A 411-million-year-old fossil shows us what one of these groups looked like when they still spent their days in the water.
The ancestors to modern-day arthropods, the vastly successful group that includes insects, spiders, millipedes and crabs, originated during the Cambrian Period about 541 million years ago.
These creatures were small and fully aquatic, living in the oceans and freshwater at the same time as most other major lineages of animals were also starting to appear. But at what point these early arthropods then began to split into the major land-living groups we see today has not been well established.
One of the biggest holes in the fossil record of arthropods has been the origin of the centipedes and millipedes, known collectively as the Myriapoda. No aquatic form of this lineage has ever been identified, until now.
Looking at fossils found within a rock formation known as the Rhynie Chert that date to about 410 million years old, researchers have been able to look in exquisite detail at some of the tiny arthropods preserved within.
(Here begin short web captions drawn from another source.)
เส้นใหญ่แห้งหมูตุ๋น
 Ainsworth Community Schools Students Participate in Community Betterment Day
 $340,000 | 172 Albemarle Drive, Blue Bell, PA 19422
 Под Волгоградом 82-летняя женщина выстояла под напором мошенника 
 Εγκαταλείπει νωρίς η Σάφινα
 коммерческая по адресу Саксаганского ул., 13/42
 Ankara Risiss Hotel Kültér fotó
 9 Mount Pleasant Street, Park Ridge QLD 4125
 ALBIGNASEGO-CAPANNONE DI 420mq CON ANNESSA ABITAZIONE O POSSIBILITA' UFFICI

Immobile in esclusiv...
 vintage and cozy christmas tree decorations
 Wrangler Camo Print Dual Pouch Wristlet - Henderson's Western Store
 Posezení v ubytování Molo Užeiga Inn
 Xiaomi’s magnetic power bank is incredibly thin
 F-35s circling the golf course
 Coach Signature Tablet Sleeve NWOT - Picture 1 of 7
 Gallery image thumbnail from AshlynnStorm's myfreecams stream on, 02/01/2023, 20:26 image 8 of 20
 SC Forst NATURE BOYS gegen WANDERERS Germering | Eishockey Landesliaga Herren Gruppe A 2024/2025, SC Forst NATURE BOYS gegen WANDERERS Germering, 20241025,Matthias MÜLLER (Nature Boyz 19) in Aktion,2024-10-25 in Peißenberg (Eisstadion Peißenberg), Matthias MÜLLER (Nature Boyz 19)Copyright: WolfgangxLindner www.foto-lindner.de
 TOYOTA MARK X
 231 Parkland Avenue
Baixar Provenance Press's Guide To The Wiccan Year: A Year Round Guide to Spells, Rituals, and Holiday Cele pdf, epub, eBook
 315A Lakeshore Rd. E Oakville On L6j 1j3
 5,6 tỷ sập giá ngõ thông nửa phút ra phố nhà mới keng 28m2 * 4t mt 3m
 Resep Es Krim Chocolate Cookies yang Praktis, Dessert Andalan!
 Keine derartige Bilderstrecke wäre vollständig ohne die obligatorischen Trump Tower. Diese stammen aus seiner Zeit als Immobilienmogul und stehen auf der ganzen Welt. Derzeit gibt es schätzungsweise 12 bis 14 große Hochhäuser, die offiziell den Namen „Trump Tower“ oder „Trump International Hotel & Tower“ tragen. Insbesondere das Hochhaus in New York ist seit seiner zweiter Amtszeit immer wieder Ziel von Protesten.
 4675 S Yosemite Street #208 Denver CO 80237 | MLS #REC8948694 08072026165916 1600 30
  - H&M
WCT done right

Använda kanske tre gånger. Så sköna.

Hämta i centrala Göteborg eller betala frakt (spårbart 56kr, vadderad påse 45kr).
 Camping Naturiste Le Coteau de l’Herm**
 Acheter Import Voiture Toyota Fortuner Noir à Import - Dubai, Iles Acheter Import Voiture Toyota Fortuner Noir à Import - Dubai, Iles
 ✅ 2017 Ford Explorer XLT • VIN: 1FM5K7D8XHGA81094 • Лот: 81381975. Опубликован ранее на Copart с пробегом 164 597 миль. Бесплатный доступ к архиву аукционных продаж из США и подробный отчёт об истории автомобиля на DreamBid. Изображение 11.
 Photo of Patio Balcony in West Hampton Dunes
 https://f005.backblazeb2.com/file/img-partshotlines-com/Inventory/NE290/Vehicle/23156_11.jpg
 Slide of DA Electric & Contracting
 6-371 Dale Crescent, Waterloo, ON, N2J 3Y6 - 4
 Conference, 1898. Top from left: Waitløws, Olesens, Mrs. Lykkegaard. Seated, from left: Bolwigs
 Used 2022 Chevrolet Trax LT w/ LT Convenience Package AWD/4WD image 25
They found that some of these creatures were aquatic myriapods.
Dr Greg Edgecombe, a palaeontologist at the Museum who studies arthropods, has been working with colleagues to describe these tiny early relatives to centipedes and millipedes.
'It's something I have been wrestling with for a couple of decades now, and is one of the great holes in the arthropod fossil records,' says Greg. 'This it is the first opportunity to see what the animals looked like in that gap.'
The description has now been published in the Proceedings of the National Academy of Sciences of the USA.
Arthropods are the most successful groups of animals on the planet, accounting for roughly 80% of all animals currently alive.
They are one of a few groups of animals that successfully made the transition from the oceans to land, one of the others being amniotes, and were the first to do so by at least some 420 million years ago.
Generally, the terrestrial arthropods can be broken up in three main groups: the hexapods (which includes insects), the arachnids (spiders and their kin) and the myriapods (centipedes and millipedes).
But rather that this occurring as a single event, each separate group of arthropods made the transition on their own.
'There were three major independent terrestrialisation events in Arthropoda,' explains Greg. 'All of them had to deal with the same basic challenges because land was a hostile environment.' Each group had to figure out how to prevent drying out, how to support their own bodies and walk, how to excrete and not least how to breathe.
We know that the first arthropods appeared during the Early Cambrian some 541 million years ago, as their fossils have been found in deposits such as the Burgess Shale, and we know that by the Early Devonian they were well established on land.
It is what happened in between these events that has been less certain.
The Rhynie Chert is a deposit found in Aberdeen, Scotland. It preserves one of the earliest terrestrial ecosystems, containing some of the first plants and animals that colonised the land.
When the rocks were being formed, the region would have been a system of pools and springs not unlike what is seen in Yellowstone National Park today, although not quite as extreme. Within these pools freshwater plants and animals were thriving, and around the margins they were beginning to explore the surrounding land.
It is within these rocks that Greg's colleagues Dr Christine Strullu-Derrien and Dr Tomasz Góral were able to identify the tiny fossil arthropods. By using innovative microscopy methods, they managed to image these animals in astonishing detail, showing the fine anatomy of their mouth parts.
'These little details allow us to see that there are a set of organs in the head of the fossils that correspond to what we see in the mouth regions of living myriapods,' says Greg. This has confirmed that they were likely the early, aquatic-living ancestors to all living centipedes and millipedes.
What is interesting about this is that this is not the first time that these early myriapods have been found in the fossil record.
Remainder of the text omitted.